Example 2: secondary pretreatment of hydrogen peroxide and laccase
(1) The wood chips treated in example 1 were thoroughly mixed with sodium acetate buffer at a feed liquid ratio of 1:10 (g: mL);
(2) Adding 50mL of 10% hydrogen peroxide and 50U/g of laccase in the wood chips, and pre-treating for 12 hours at 50 ℃;
(3) And filtering the secondarily pretreated wood chips by using a vacuum pump to obtain filtrate and filter residues, wherein the filtrate is recovered, refrigerated and stored, so that the secondary pretreated wood chips are convenient to reuse, and the filter residues are used.

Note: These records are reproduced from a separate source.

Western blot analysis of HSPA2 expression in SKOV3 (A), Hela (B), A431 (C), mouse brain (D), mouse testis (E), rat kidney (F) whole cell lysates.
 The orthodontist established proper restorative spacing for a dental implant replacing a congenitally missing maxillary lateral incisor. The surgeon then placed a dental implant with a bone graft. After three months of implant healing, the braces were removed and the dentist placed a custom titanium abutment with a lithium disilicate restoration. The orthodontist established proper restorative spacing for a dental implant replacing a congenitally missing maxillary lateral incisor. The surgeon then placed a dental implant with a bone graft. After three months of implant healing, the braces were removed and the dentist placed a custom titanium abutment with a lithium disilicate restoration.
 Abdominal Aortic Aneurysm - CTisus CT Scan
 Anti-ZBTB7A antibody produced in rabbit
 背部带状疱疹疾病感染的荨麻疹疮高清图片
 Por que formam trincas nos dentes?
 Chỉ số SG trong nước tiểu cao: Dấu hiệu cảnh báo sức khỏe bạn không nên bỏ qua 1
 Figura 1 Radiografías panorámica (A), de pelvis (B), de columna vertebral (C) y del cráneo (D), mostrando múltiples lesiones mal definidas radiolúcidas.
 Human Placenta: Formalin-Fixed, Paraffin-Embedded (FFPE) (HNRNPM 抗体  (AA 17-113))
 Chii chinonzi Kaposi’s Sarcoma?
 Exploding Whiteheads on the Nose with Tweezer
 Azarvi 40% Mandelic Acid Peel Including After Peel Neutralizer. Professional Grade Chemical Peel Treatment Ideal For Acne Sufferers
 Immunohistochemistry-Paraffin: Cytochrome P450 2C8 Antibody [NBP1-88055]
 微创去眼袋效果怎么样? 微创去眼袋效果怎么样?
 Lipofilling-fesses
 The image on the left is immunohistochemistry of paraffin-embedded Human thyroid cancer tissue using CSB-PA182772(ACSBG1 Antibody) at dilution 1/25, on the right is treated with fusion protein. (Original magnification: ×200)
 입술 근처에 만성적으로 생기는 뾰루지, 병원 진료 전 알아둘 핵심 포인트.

Example 3: pre-enzymatic hydrolysis of xylanase and surfactant
(1) The poplar filter residues obtained in the example 2 are fully and evenly mixed with sodium acetate buffer solution according to the feed liquid ratio of 1:10 (g: mL);
(2) Adding xylanase of 60U/g wood chips and a nonionic surfactant Tween-80 of 0.05g/g wood chips for pre-enzymolysis for 2 hours;
(3) And filtering the wood chips subjected to pre-enzymolysis by using a vacuum pump to obtain filtrate and filter residues, wherein the filtrate is recovered, refrigerated and stored, so that the filter residues are convenient to reuse and stand by.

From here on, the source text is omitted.